Si confermava in ogni caso la tesi espressa dalla Arendt ne “La banalità del male”: è molto facile disumanizzare una persona che non lotta e non si difende; e basta un contesto facilitante per far crollare miseramente il nostro senso morale. Infatti, nel momento in cui, alla fine della performance, l’artista recupera la propria volontà e comincia a camminare per la sala, nessuno ha più il coraggio di guardarla: l’oggetto è ridiventato persona.

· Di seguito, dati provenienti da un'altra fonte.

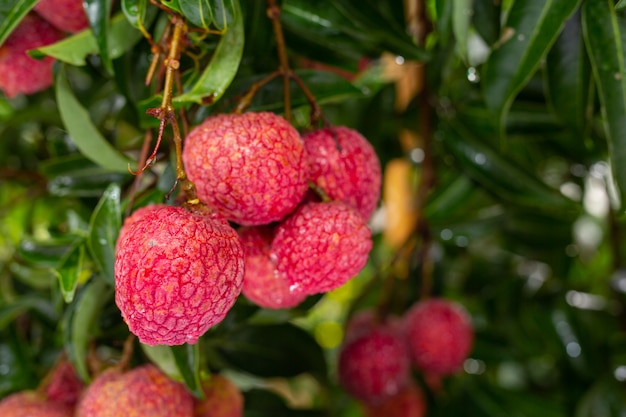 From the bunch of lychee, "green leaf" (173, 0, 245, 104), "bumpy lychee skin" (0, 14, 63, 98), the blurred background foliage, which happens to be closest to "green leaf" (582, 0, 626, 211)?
the blurred background foliage

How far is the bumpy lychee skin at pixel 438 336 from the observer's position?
3.39 feet

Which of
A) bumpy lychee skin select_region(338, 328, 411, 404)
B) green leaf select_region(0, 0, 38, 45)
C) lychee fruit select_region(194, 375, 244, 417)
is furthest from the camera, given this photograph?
bumpy lychee skin select_region(338, 328, 411, 404)

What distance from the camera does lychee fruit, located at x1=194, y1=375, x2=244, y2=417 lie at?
72 centimetres

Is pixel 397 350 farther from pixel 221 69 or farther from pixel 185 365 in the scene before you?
pixel 221 69

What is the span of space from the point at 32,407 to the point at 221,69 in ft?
1.35

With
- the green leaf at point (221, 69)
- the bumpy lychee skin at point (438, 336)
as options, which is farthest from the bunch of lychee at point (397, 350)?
the green leaf at point (221, 69)

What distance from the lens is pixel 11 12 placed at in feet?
2.01

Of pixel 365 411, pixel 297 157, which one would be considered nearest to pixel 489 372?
pixel 365 411

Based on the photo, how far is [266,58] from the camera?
0.77 meters

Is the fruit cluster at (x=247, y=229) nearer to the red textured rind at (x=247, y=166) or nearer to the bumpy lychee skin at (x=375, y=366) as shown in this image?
the red textured rind at (x=247, y=166)

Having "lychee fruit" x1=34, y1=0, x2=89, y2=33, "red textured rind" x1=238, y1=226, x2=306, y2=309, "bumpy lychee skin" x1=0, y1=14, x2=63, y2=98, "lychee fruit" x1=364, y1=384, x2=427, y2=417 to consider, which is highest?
"lychee fruit" x1=34, y1=0, x2=89, y2=33

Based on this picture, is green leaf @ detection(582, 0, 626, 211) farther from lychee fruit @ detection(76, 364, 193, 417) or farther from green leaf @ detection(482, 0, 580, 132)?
lychee fruit @ detection(76, 364, 193, 417)

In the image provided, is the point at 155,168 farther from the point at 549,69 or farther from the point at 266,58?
the point at 549,69

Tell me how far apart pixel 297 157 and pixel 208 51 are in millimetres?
160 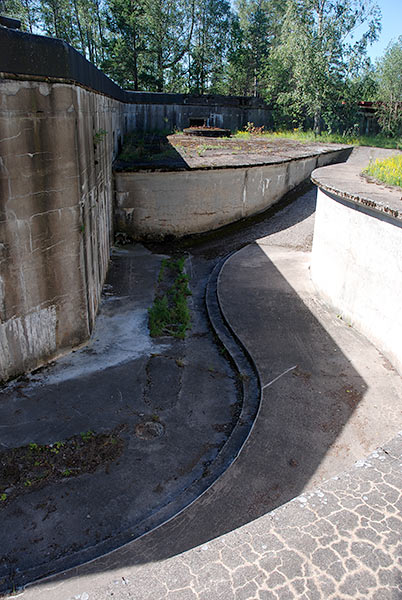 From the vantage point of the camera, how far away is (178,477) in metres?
4.27

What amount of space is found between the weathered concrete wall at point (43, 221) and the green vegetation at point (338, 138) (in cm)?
1479

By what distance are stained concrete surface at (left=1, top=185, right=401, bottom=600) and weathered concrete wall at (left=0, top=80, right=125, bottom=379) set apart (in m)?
2.59

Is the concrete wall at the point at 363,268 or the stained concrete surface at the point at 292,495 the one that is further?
the concrete wall at the point at 363,268

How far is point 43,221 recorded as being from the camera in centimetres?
543

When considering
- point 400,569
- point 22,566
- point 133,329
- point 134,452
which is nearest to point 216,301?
point 133,329

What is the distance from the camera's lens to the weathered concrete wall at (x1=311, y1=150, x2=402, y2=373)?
5742mm

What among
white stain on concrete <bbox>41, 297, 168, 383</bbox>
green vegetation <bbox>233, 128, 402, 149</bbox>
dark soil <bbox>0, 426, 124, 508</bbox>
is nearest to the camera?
dark soil <bbox>0, 426, 124, 508</bbox>

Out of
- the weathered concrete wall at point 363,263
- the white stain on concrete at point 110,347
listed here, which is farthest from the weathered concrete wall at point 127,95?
the weathered concrete wall at point 363,263

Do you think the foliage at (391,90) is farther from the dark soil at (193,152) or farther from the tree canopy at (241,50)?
the dark soil at (193,152)

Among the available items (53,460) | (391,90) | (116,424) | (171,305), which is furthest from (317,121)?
(53,460)

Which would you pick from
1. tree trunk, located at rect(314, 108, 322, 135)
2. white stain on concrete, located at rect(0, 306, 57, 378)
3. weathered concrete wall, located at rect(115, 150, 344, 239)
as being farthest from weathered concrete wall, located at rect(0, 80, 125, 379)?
tree trunk, located at rect(314, 108, 322, 135)

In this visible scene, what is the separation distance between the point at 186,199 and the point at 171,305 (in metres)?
4.37

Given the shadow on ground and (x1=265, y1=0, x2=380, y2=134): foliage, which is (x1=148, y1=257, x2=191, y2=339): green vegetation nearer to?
the shadow on ground

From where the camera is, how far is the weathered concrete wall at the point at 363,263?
574 cm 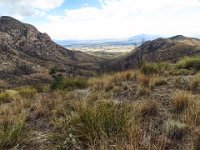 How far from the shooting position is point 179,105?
7086 mm

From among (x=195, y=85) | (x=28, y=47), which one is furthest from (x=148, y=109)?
(x=28, y=47)

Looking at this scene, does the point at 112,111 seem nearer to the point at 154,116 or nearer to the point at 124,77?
the point at 154,116

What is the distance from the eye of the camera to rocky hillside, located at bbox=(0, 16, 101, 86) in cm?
10588

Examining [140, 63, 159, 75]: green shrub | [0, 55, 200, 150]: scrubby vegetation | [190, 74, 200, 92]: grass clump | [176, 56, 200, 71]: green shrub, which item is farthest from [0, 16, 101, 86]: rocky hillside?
[0, 55, 200, 150]: scrubby vegetation

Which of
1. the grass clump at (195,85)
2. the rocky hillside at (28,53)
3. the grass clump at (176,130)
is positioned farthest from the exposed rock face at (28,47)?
the grass clump at (176,130)

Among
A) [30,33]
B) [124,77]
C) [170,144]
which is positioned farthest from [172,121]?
[30,33]

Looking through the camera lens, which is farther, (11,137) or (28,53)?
(28,53)

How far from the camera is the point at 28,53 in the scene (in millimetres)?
138500

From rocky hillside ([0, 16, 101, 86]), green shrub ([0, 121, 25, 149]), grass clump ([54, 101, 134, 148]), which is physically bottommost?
rocky hillside ([0, 16, 101, 86])

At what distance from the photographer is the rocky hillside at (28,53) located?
106 m

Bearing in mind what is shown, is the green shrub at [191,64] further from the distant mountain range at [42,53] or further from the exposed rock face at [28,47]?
the exposed rock face at [28,47]

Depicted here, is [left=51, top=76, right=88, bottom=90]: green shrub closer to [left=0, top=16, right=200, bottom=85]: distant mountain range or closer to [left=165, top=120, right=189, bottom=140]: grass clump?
[left=165, top=120, right=189, bottom=140]: grass clump

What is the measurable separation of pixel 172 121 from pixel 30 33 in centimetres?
15713

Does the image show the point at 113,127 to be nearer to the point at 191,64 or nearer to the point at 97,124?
the point at 97,124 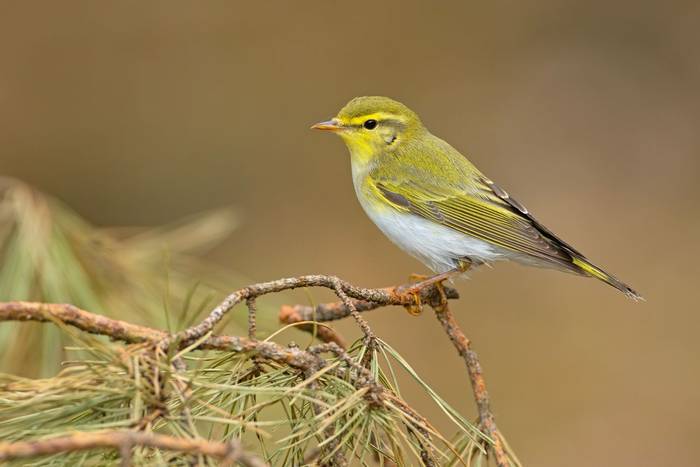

Questa performance mirava chiaramente alla provocazione e alla destabilizzazione del pubblico; a questi era di fatto negato ogni atteggiamento di estetico distacco, ma anzi gli si chiedeva implicitamente di farsi carico di un’esperienza etica oltre che estetica, interpellando la libertà e la responsabilità dei partecipanti. Tuttavia, se il fine era soprattutto quello, da parte dell’artista, di mettere alla prova la propria resistenza e di saggiare l’esperienza del limite a partire dal corpo, se nulla fosse successo la performance sarebbe stata un fallimento. Quella esperienza artistica, in un certo senso, aveva in se stessa la propria vocazione al rito sacrificale. La performance ha acquisito significato perché ha avuto quell’evoluzione violenta; in un altro contesto, in cui non si fosse innescata alcuna escalation collettiva, probabilmente si sarebbe ascritto l’esito al potere di autocontrollo dell’ipocrisia borghese.
Concludendo, mi sento di ipotizzare che, dopo tutto, quell’evoluzione era l’unica in grado di dare senso a un evento artistico che aveva quelle premesse e quelle finalità.